**WHAT TO DO**:
Transcribe each line below without altering anything.

**DATA EXCERPTS**:
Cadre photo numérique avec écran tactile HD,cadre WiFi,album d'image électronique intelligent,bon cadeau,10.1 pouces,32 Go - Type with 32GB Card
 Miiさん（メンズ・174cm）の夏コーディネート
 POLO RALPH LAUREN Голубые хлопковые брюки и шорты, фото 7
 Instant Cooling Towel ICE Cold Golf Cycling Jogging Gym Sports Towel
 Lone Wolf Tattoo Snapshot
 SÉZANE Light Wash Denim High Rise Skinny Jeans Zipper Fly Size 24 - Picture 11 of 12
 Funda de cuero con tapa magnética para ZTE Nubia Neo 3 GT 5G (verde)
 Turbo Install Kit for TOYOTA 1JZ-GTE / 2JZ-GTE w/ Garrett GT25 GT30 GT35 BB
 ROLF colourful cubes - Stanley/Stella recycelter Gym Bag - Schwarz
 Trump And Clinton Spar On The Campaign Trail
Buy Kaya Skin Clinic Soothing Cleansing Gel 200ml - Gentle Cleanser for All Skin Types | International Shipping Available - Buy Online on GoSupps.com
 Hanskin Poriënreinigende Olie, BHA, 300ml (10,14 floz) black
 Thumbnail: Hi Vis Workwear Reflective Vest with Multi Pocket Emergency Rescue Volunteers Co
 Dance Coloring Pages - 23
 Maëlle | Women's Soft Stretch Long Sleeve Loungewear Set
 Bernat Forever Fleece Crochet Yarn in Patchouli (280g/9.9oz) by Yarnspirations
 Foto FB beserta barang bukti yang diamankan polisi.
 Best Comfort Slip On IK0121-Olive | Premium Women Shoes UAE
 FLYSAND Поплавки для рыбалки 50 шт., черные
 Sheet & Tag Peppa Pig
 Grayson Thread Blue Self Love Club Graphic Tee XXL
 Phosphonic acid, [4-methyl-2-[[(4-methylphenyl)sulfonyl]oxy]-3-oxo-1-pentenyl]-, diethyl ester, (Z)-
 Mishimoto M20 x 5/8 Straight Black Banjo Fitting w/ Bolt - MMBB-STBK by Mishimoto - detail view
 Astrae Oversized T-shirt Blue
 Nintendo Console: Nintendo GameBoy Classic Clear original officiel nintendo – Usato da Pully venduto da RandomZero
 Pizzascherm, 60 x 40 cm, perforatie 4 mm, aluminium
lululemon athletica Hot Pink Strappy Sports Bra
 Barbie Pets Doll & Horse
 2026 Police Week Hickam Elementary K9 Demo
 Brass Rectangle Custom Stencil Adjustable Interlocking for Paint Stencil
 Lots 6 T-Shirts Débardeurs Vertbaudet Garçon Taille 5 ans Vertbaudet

**WRITTEN RESPONSE**:
Cadre photo numérique avec écran tactile HD,cadre WiFi,album d'image électronique intelligent,bon cadeau,10.1 pouces,32 Go - Type with 32GB Card
 Miiさん（メンズ・174cm）の夏コーディネート
 POLO RALPH LAUREN Голубые хлопковые брюки и шорты, фото 7
 Instant Cooling Towel ICE Cold Golf Cycling Jogging Gym Sports Towel
 Lone Wolf Tattoo Snapshot
 SÉZANE Light Wash Denim High Rise Skinny Jeans Zipper Fly Size 24 - Picture 11 of 12
 Funda de cuero con tapa magnética para ZTE Nubia Neo 3 GT 5G (verde)
 Turbo Install Kit for TOYOTA 1JZ-GTE / 2JZ-GTE w/ Garrett GT25 GT30 GT35 BB
 ROLF colourful cubes - Stanley/Stella recycelter Gym Bag - Schwarz
 Trump And Clinton Spar On The Campaign Trail
Buy Kaya Skin Clinic Soothing Cleansing Gel 200ml - Gentle Cleanser for All Skin Types | International Shipping Available - Buy Online on GoSupps.com
 Hanskin Poriënreinigende Olie, BHA, 300ml (10,14 floz) black
 Thumbnail: Hi Vis Workwear Reflective Vest with Multi Pocket Emergency Rescue Volunteers Co
 Dance Coloring Pages - 23
 Maëlle | Women's Soft Stretch Long Sleeve Loungewear Set
 Bernat Forever Fleece Crochet Yarn in Patchouli (280g/9.9oz) by Yarnspirations
 Foto FB beserta barang bukti yang diamankan polisi.
 Best Comfort Slip On IK0121-Olive | Premium Women Shoes UAE
 FLYSAND Поплавки для рыбалки 50 шт., черные
 Sheet & Tag Peppa Pig
 Grayson Thread Blue Self Love Club Graphic Tee XXL
 Phosphonic acid, [4-methyl-2-[[(4-methylphenyl)sulfonyl]oxy]-3-oxo-1-pentenyl]-, diethyl ester, (Z)-
 Mishimoto M20 x 5/8 Straight Black Banjo Fitting w/ Bolt - MMBB-STBK by Mishimoto - detail view
 Astrae Oversized T-shirt Blue
 Nintendo Console: Nintendo GameBoy Classic Clear original officiel nintendo – Usato da Pully venduto da RandomZero
 Pizzascherm, 60 x 40 cm, perforatie 4 mm, aluminium
lululemon athletica Hot Pink Strappy Sports Bra
 Barbie Pets Doll & Horse
 2026 Police Week Hickam Elementary K9 Demo
 Brass Rectangle Custom Stencil Adjustable Interlocking for Paint Stencil
 Lots 6 T-Shirts Débardeurs Vertbaudet Garçon Taille 5 ans Vertbaudet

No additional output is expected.